LA MODELO
Como cada día a las 8:00 de la mañana, la modelo llegó al taller del pintor retratista Silverio Abreu, quien era reconocido por la calidad de sus obras y por el increíble parecido con que pintaba los rostros.
Aunque en sus inicios
realizaba todo tipo de temas, últimamente pintaba exclusivamente retratos femeninos que hacía frente una modelo. Trabajaba en la comodidad de su estudio y disfrutaba del trato cercano con ella, su motivo de inspiración.
Susana, quien era la modelo en esta ocasión, fue recibida con alegría por el pintor, quien le estampó un beso en la mejilla mientras la apretaba suavemente contra su pecho.
Le dijo: "No te desesperes, que ya estamos terminando. En unos días la obra estará terminada".
—Tómate todo el tiempo que necesites, —respondió ella, añadiendo—:
sabes que cuando estoy a tu lado el tiempo pasa volando.
El pintor la miró con ternura al pedirle:
—Bueno, cámbiate y siéntate en el sofá. Hoy quiero que avancemos mucho.
Así lo hizo la mujer. En pocos minutos se puso la vestimenta que lucía en el cuadro y él la ayudó a conseguir la misma posición de los días anteriores.
Silverio la observaba detenidamente comparando su postura con el cuadro inconcluso, y vio que no era la misma. Entonces se le acercó, resuelto, le enderezó el sombrero, le giró el rostro unos centímetros y se colocó detrás del caballete.

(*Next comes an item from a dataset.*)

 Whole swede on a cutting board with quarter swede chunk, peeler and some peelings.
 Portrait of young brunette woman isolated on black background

—Ahora sí estás perfecta ¡Mantén esa sonrisa!
Ella
obedeció y permaneció estática por mucho tiempo, mientras el joven mezclaba los colores en la paleta y los aplicaba con seguridad sobre el lienzo. Después de cada pincelada el parecido era mayor.
Así trabajó por dos horas hasta que dio por terminada la sesión.

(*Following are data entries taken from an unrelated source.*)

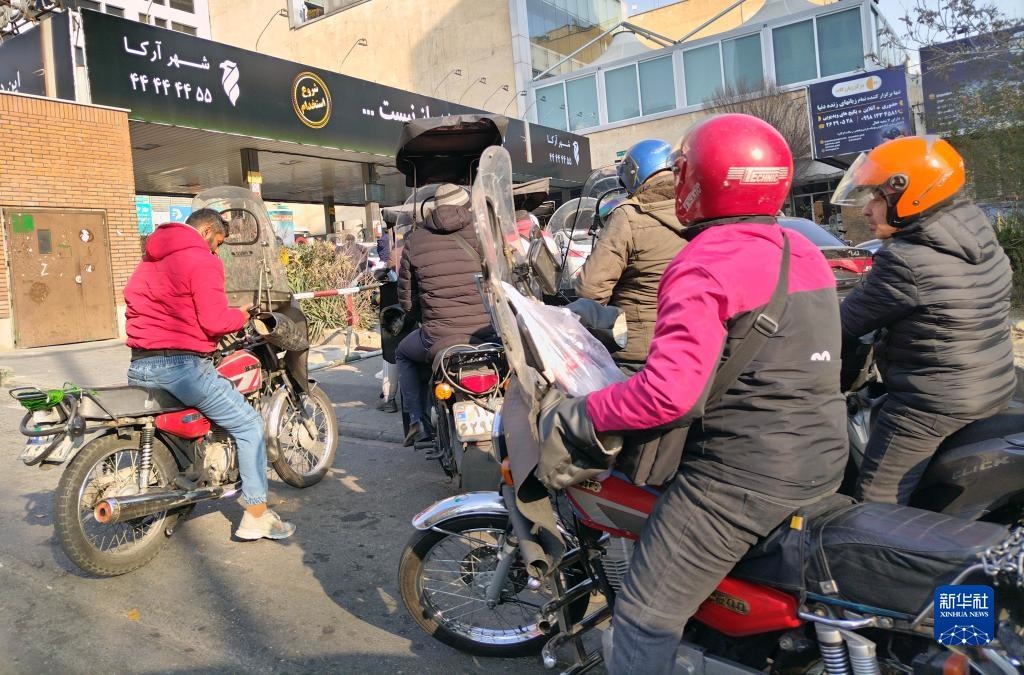 12月18日，摩托車在伊朗首都德黑蘭的一家加油站外等待加油。新華社記者 沙達提 攝
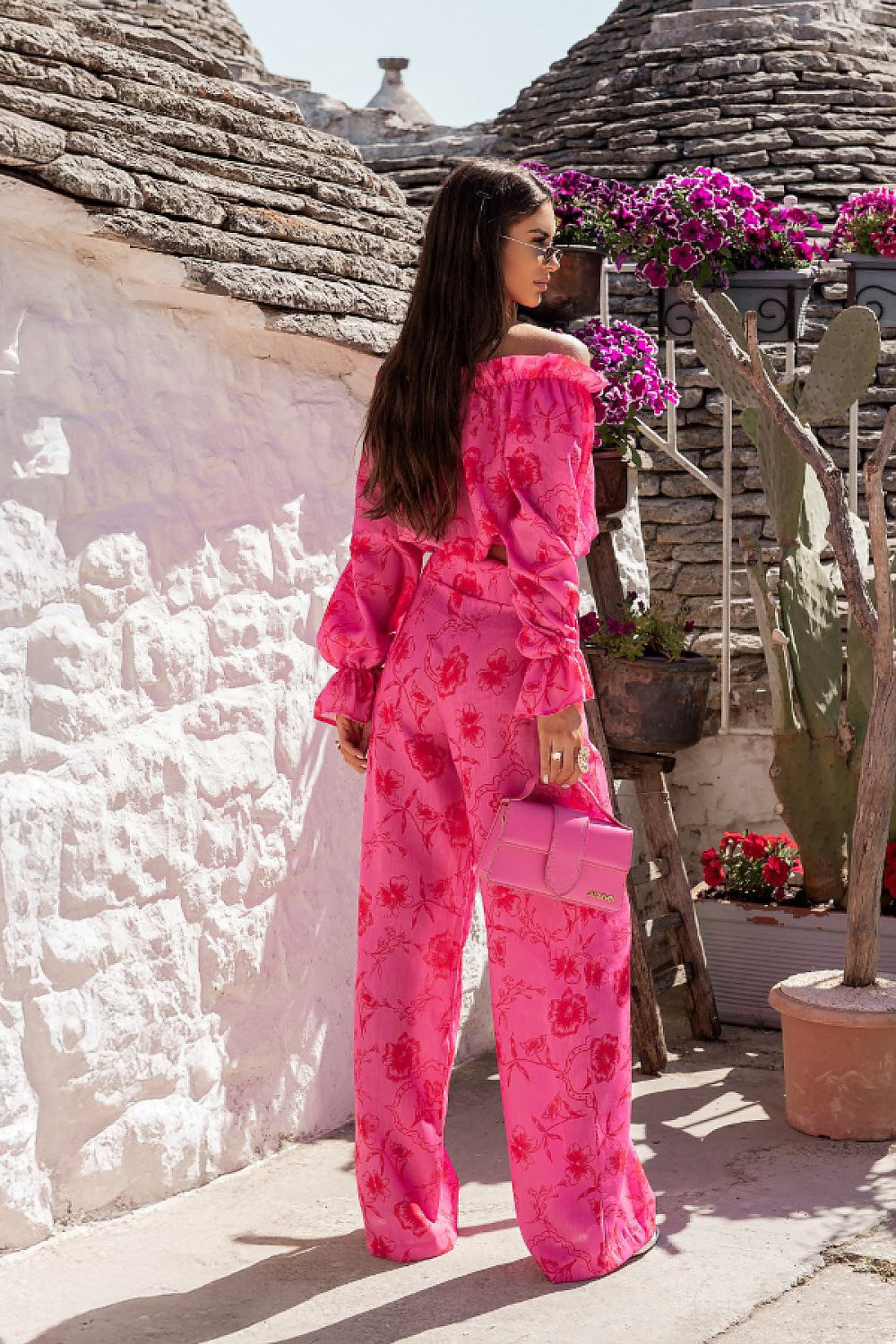 Woman in a pink floral outfit standing in front of traditional conical-roofed buildings.
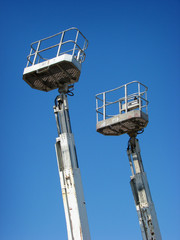 two industrial boom lift basket and arm rising into blue sky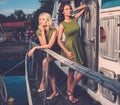 Stylish women on old boat Royalty Free Stock Photo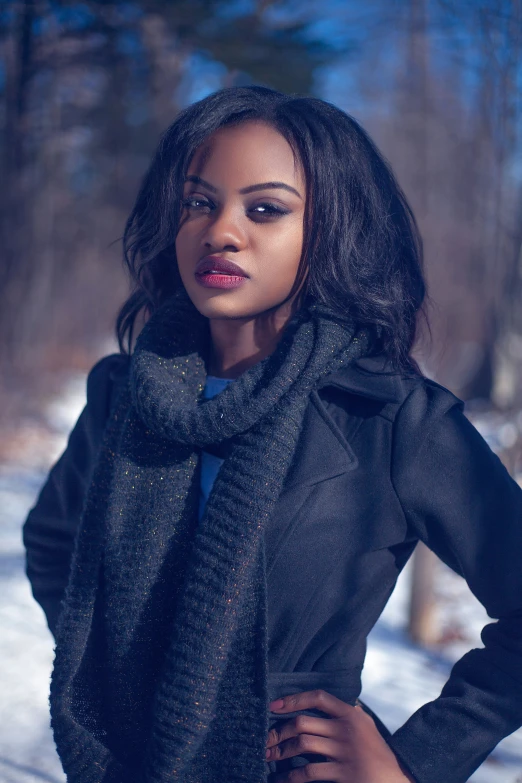 a young woman wearing black clothes posing for the camera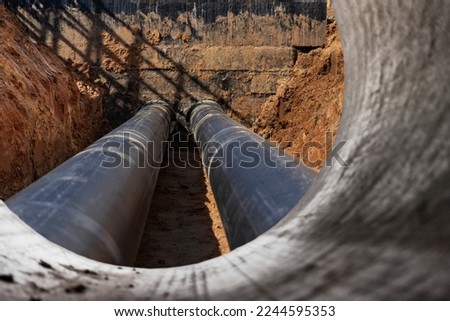 Laying of underground pipes in concrete chamber. Installation of water main at the construction site. Construction of stormwater pits, sewerage valve, sanitary system and pump station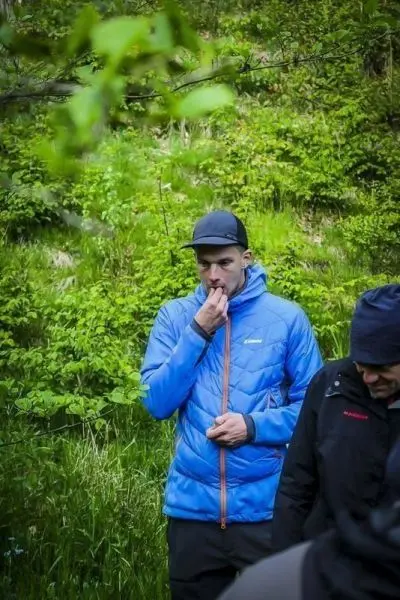 Mann im blauen Jacket steht in der Natur und hält sich die Hand vor den Mund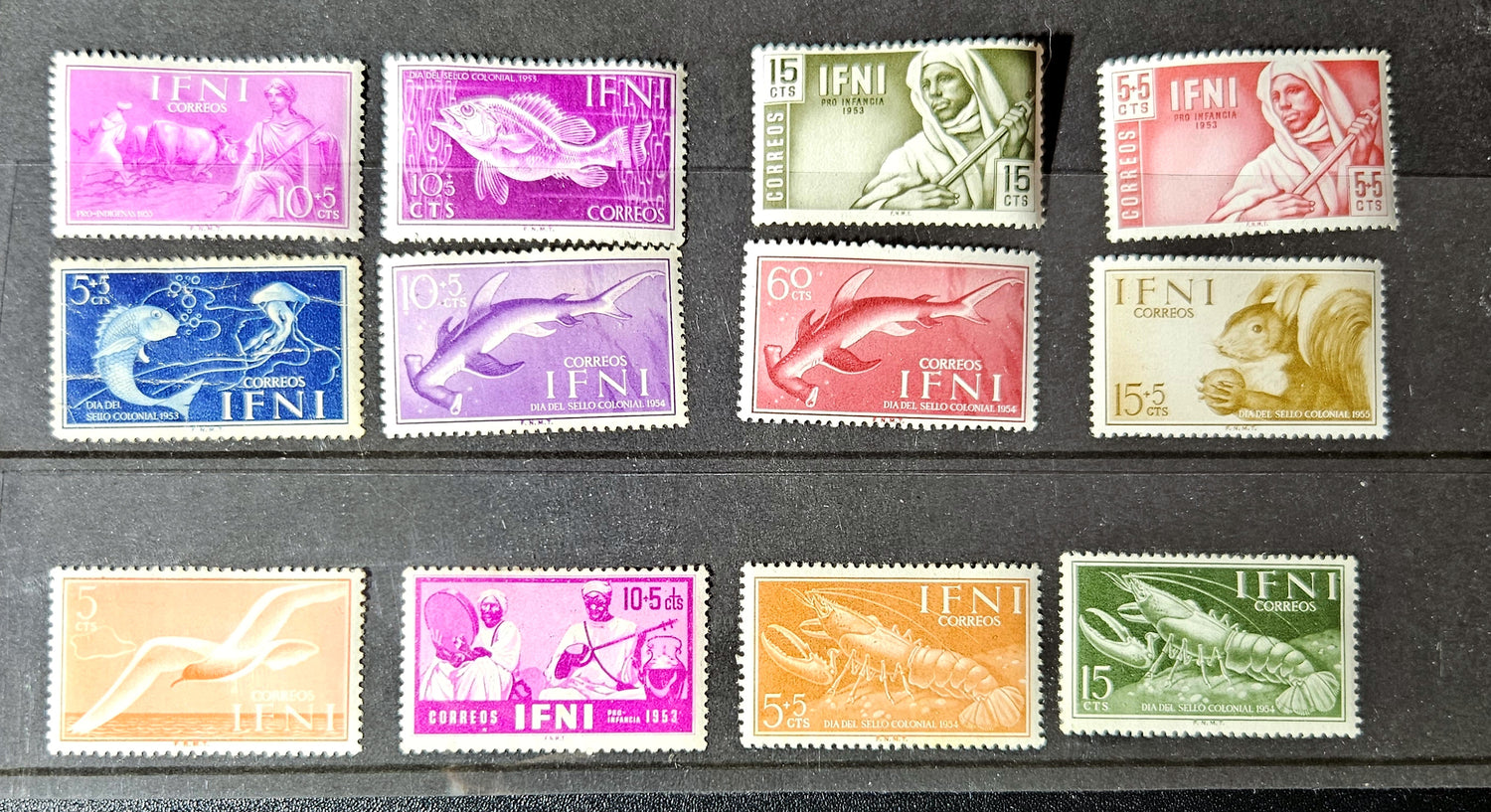 Collection of vintage stamps with different designs and colors on a black background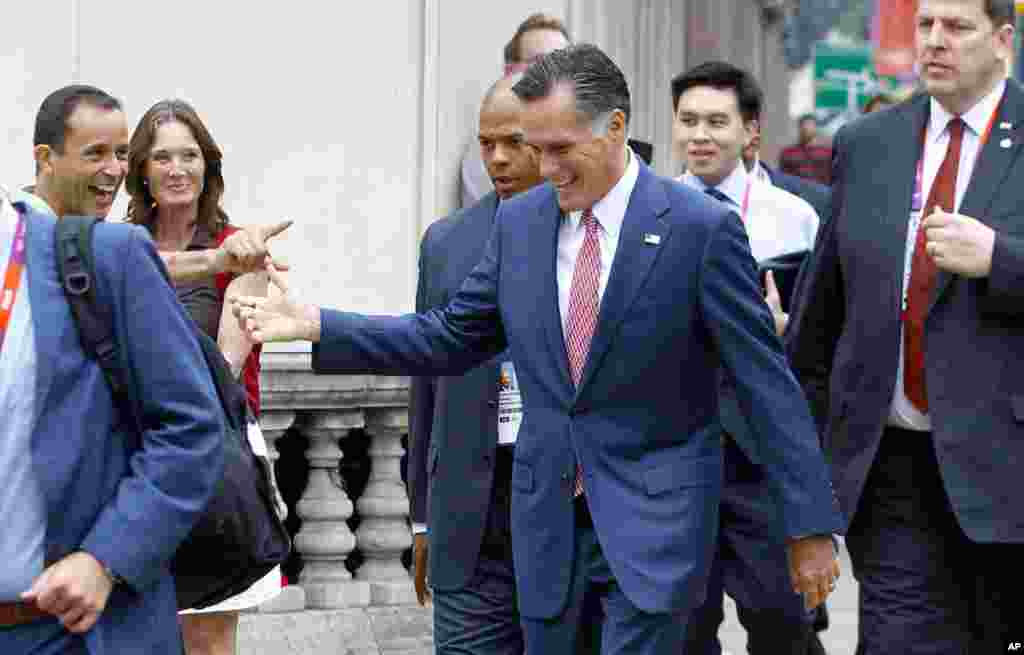 Romney walks down Grosvenor Place to avoid a traffic jam and is recognized by bystanders. He was walking to meet Ireland's Prime Minister Enda Kenny at the Embassy of Ireland in London, Britain, July 27, 2012.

—Relájate ya. ¡Basta por hoy! —le dijo a la mujer.
—Era justo —rio la modelo—. Esto de permanecer como una momia tanto tiempo sólo lo hago por ti.
—Lo sé. A propósito: esta noche llevo a tu casa algo rico para que cenemos juntos.

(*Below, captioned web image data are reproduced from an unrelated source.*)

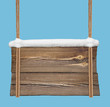 Wooden signboard with snow hanging on double ropes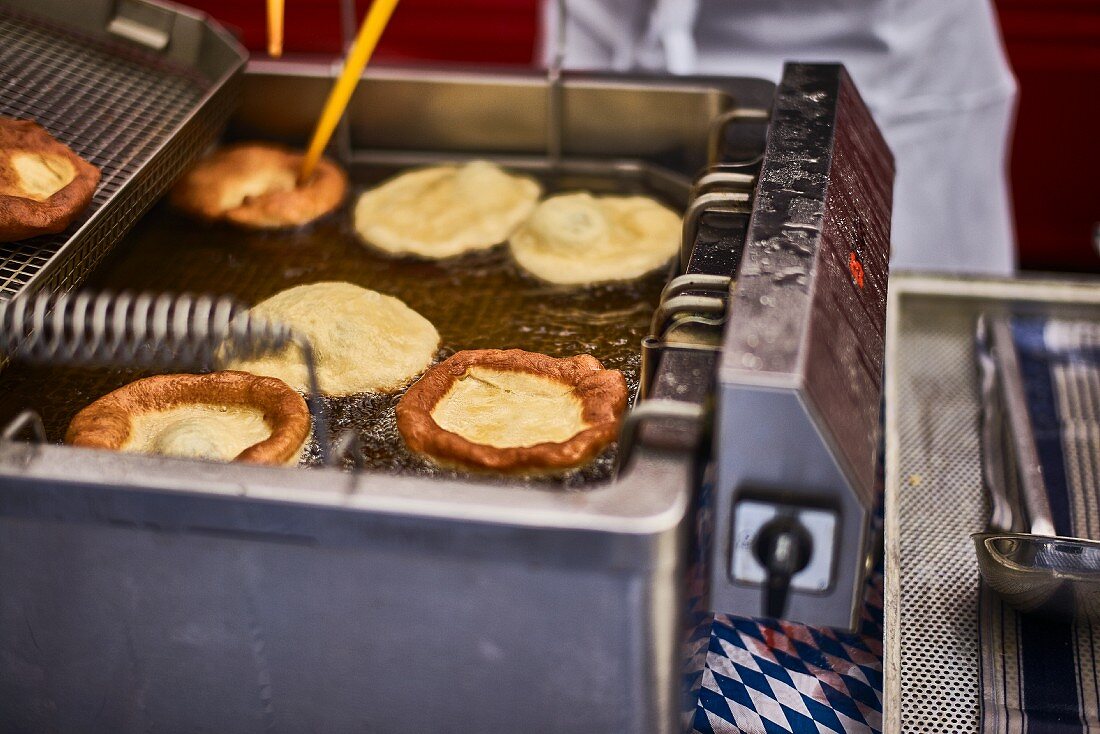 Bavarian doughnuts in a fryer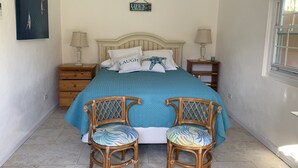 Ein Schlafzimmer mit einem Bett, zwei Stühlen, einem Nachttisch, einer Lampe und einem Schild an der Wand.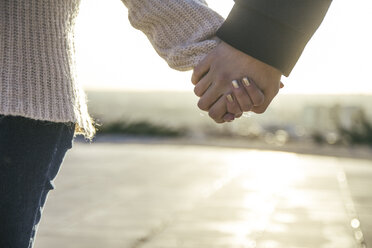 Young couple holding hands at backlight, close-up - ABZF000293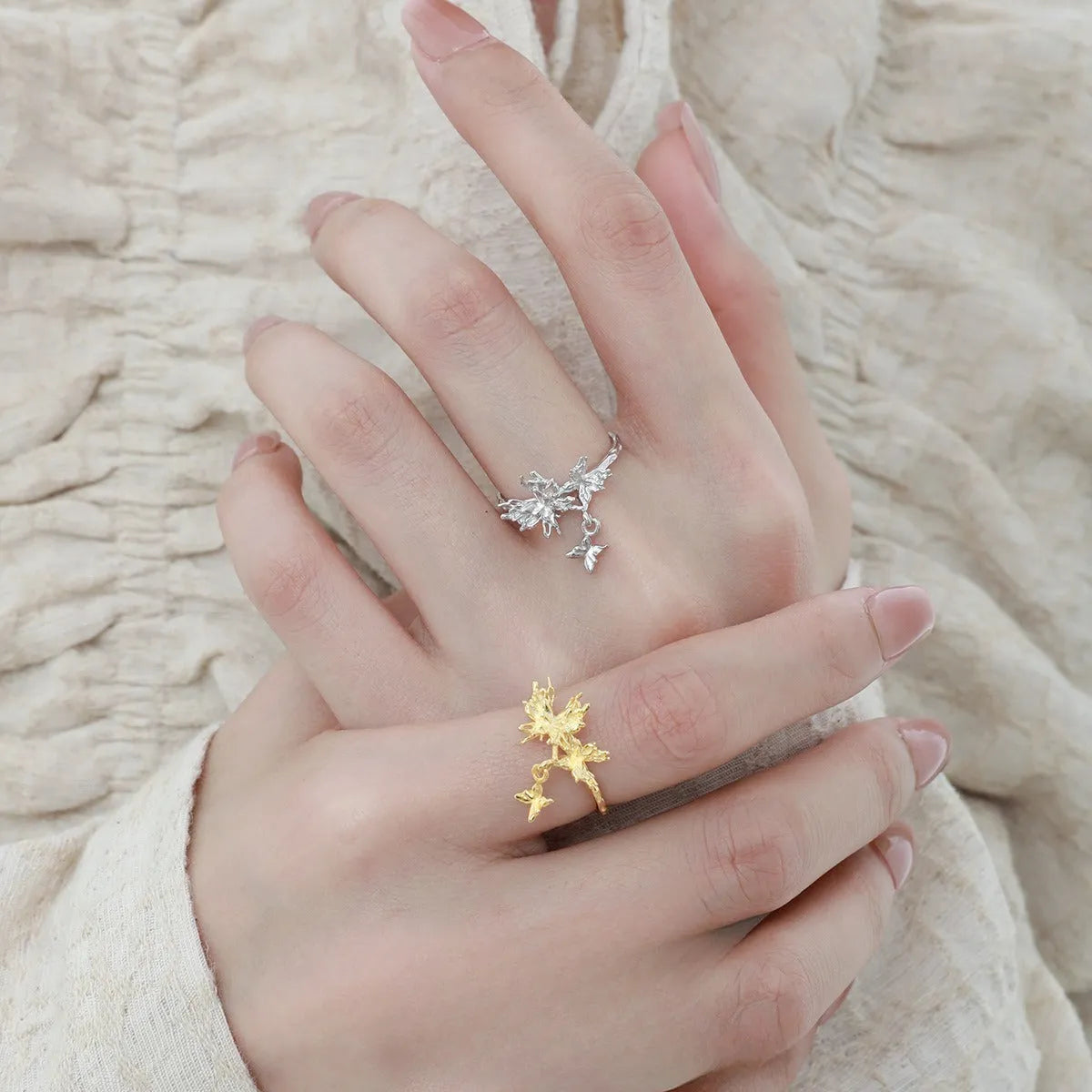 Adjustable silver ring with detailed butterfly design in white gold or 18K gold finish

—Cierto: hoy es martes. Ahora vete a descansar, que debes estar agotado.
Y dándole un beso, se despidieron con una mirada de complicidad.
Susana se acerco a ver la pintura y se quedo maravillada con el parecido. Entonces le dijo:
—¿Sabes, amor? No me puedo quejar. ¡Me siento orgullosa de tener un hijo artista como tú!
Y la mujer salió del estudio satisfecha con la buena relación que llevaba con su hijo.
Su mutua companía los hacía muy felices; en estas mañanas que pasaban juntos se evidenciaba el amor filial y la empatía que se manifestaban al juntarse cada mañana para realizar la labor conjunta.